Bridget Prentice MP, Justice Minister, said: “The Ministry of Justice is delighted to be able to pass this historic find to the V&A where it can be properly preserved and made available to the public and academics. Society’s views on what is considered obscene have changed a lot over the century and a half since this would probably have been seized by the authorities – but even so I think these pictures better suit the Museum than hanging in a Ministerial office!”
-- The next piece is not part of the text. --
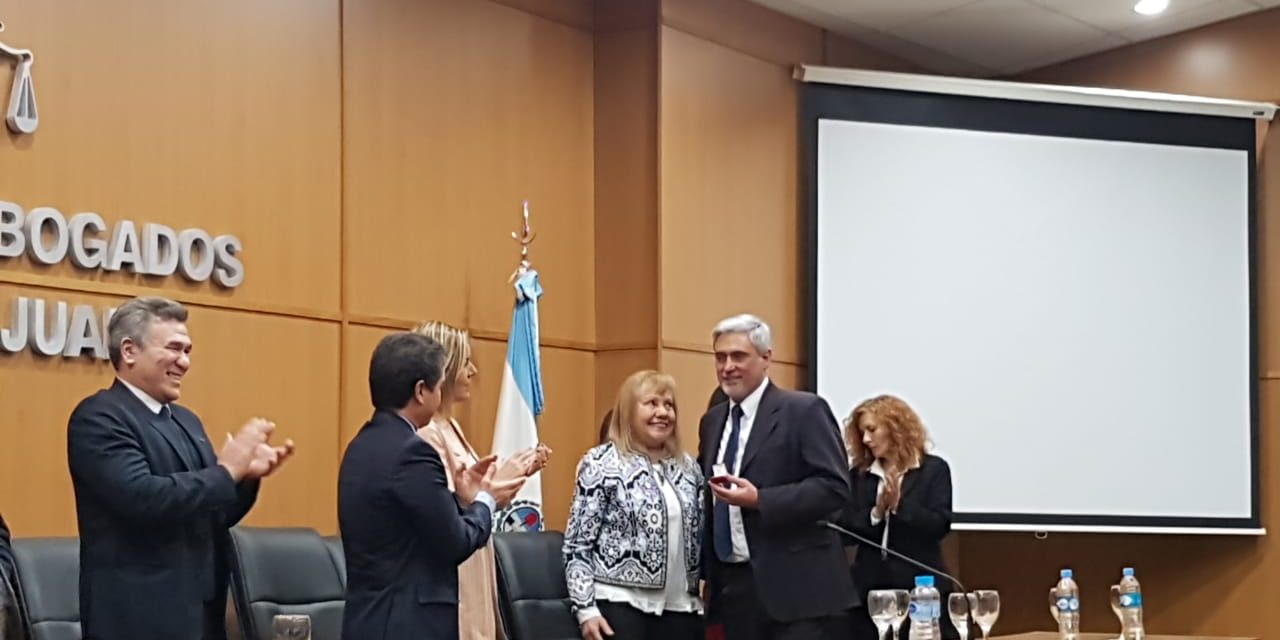 Reconocimiento del Foro de Abogados a quienes cumplieron 25 años como abogados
David Pearson, an official in the MoJ’s Criminal Law Policy Unit, found the folio during an office move. He said: “The folio was carefully wrapped up alongside a collection of seized material that had been handed to the old obscene publications unit over the years. That material is fairly tame by today’s standards, but when I uncovered the folio it was clear that it was something a little out of the ordinary. Even so, after some research, I was amazed to discover it had such historic value and am pleased to now see the prints kept safe in a suitable home.”

Stephen Calloway, Curator of Prints in the Word and Image Dept at the V&A, said: “We are delighted to receive this extraordinary volume of works by Gillray to complement our existing folio, acquired 140 years ago. This is a significant and exciting find and we’re pleased that the public will now have the opportunity to view both together in our Prints and Drawings Study Room.”

James Gillray
James Gillray is generally considered the greatest genius of caricature in Britain working in the late 18th-century. Born in Chelsea, Gillray had a bleak childhood under the influence of a stern father. Aged only five he was sent to be educated at a boarding school run by the Moravian Brotherhood – a strict, extreme Protestant sect which held that the life of mankind was worthless and depraved, and death a release from the wickedness of the world. This upbringing doubtless encouraged a sardonic temperament and the intense cynicism that made Gillray one of the most feared caricaturists of the day.

James Gillray Fashionable Contrasts New 585x441 V&A Acquires Album of Gillray Cartoons Hidden for More than 100 Years

Apprenticed to a specialist in the lettering of copper-plates, he learned the necessary skills to become a journeyman engraver, copying the work of others. Though he aspired to become an artist, by the 1780s he had been drawn to caricature, working for several of the leading print publishers of the day, creating political and social satires with exceptional ‘bite’. Moving into the house of the Widow Humphreys, an astute operator in the London publishing world, he thereafter worked for her exclusively, making over 600 plates, which she carefully preserved.

Gillray attacked both the Whig and Tory figures of British politics as well as members of the royal family. William Pitt attempted to gag him with the offer of a pension of £200 per annum, whilst agents working for George, Prince of Wales (later George IV) also attempted to suppress Gillray’s more scurrilous caricatures. In the 1790s many of his most vicious attacks were directed against the French revolutionary leaders and their supporters in England such as Charles James Fox.